The businessman’s fear is that raising wages will hurt their business or put them out of business. Not so.

Paying a living wage cuts down on absenteeism, decreases employee turnover, saves on retraining costs, improves loyalty and productivity, and if other minimum-wage employers begin to pay a living wage — as would happen with a raise in the minimum wage — it would also increase sales.

More importantly, it would be the right thing to do. All major faith traditions speak about fairness in treatment of others and often specifically about fairness to workers.

Let’s try to make $10 an hour the minimum wage by the end of 2010.

To quote Dr. Martin Luther King Jr, “There is nothing but a lack of social vision to prevent us from paying an adequate wage to every American citizen whether he be a hospital worker, laundry worker, maid or day laborer. There is nothing except shortsightedness to prevent us from guaranteeing an annual minimum — and livable — income for every American family.”

Doug Gatlin is the executive director of Faith And The City, a faith-based organization representing Atlanta’s theological institutions.

NO: Already cutting jobs, some industries will cut more workers.

By Don Sabbarese

In times of recession, raising the minimum wage will lead to higher unemployment.

Ever since President Franklin Roosevelt convinced Congress to pass legislation in 1938 setting a minimum wage, the debate over whether a wage floor leads to loss of jobs has never been settled.

Last month, when the minimum wage went up to $7.25 — for the third time since 2007, increasing by more than 40 percent in two years — the debate flared up yet again.

While the new minimum is expected to lift the wages of many of the least skilled laborers and add much needed dollars to the economy, a higher minimum wage presents a set of problems at a time when many industries are facing sharp drops in demand and prices.

Complicating matters is the rise of Georgia’s unemployment rate from 4.5 percent to 10.7 percent in the last 18 months, an obvious indication that Atlanta’s labor market has transitioned from a tight market to one with tremendous excess supply.

Businesses in highly competitive industries such as fast food, restaurants and hotels, typically cut their labor costs to survive a recession; the less fortunate go out of business. These factors have contributed to one of the worst job markets Georgia has seen.

These industries are major employers of the demographic groups with the highest percent of low-wage and low-skill workers in the 16-19 age group and the subgroup of African-American teenagers, which have current unemployment levels of 24 percent and 38 percent, respectively.

The critical policy consideration is whether or not raising the minimum wage for the lowest-paid and least skilled workers can be carried out without diminishing their job opportunities.

Unfortunately, the minimum wage policy is not fine-tuned.
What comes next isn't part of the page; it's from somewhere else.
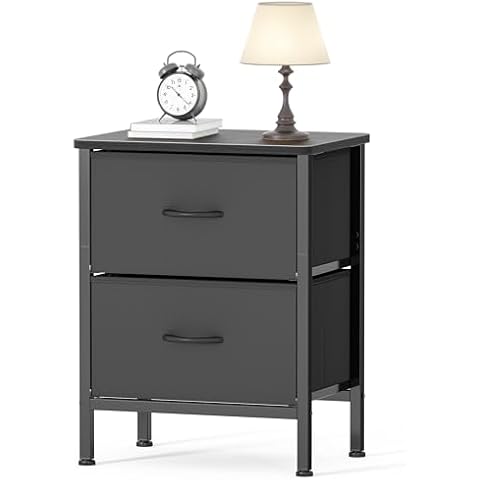 HOMIDEC Bedside Table with Storage Drawers Cover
There are transitory teenage workers in the 16-19 age group who will move on to higher wages, but there are also permanent low-wage, low-skill workers who unfortunately will not.
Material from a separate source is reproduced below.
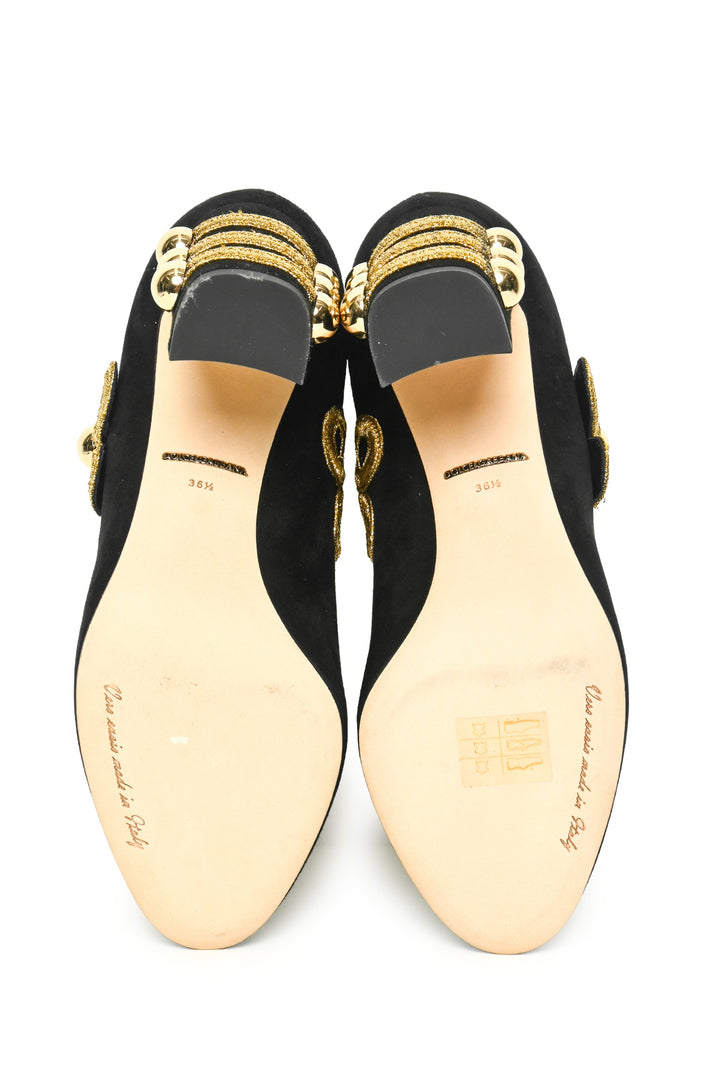 Dolce & Gabbana Size 36.5 Suede Military Mary Jane Pumps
The permanent low-wage workers are the most exposed to the loss of jobs through labor substitution. Employers of low-wage workers must calculate whether the cost of labor at the new, higher minimum wage exceeds the hourly value of what these workers produce.

If that’s the case, then employers will have an economic incentive to either substitute that worker with a more productive worker or replace him or her with capital.
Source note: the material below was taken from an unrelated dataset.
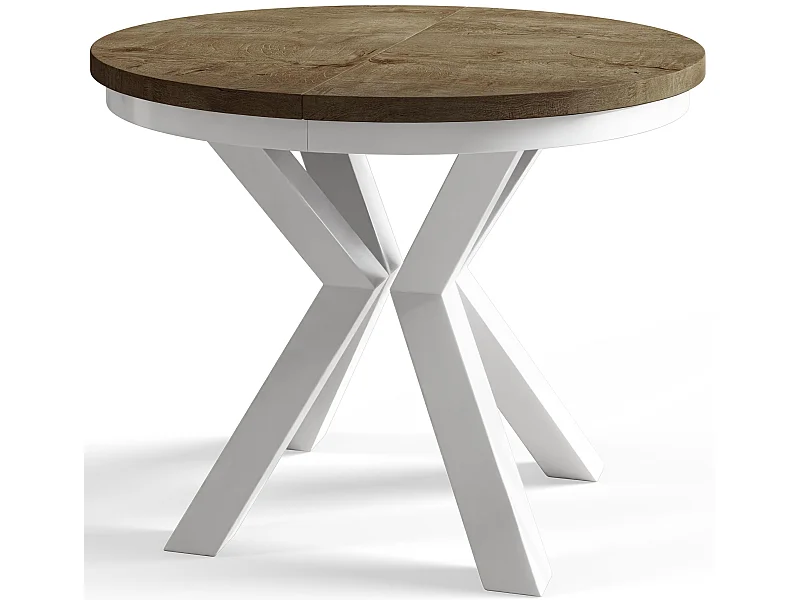 Table de salle à manger ronde LOFT, table à rallonges Diamètre : 100 cm/180 cm, couleur de la table basse : brun foncé, avec pieds métalliques de couleur blanche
In a recession, this inexorable process will ultimately exacerbate the unemployment level for these groups. For teenage workers living at home it is not a pressing issue.

But for single mothers, it can be overwhelming, regardless of subsidies such as the earned income tax credit and food stamps. Setting a price floor for the least skilled labor markets will limit job creation in the long run, which is an unfortunate reality for these workers.

Perhaps policy-makers should consider less market-intrusive policies, such as income subsidies, as an alternative for maintaining a livable wage.

Don Sabbarese, an economist, is director of the Econometric Center at the Michael J. Coles College of Business at Kennesaw State University.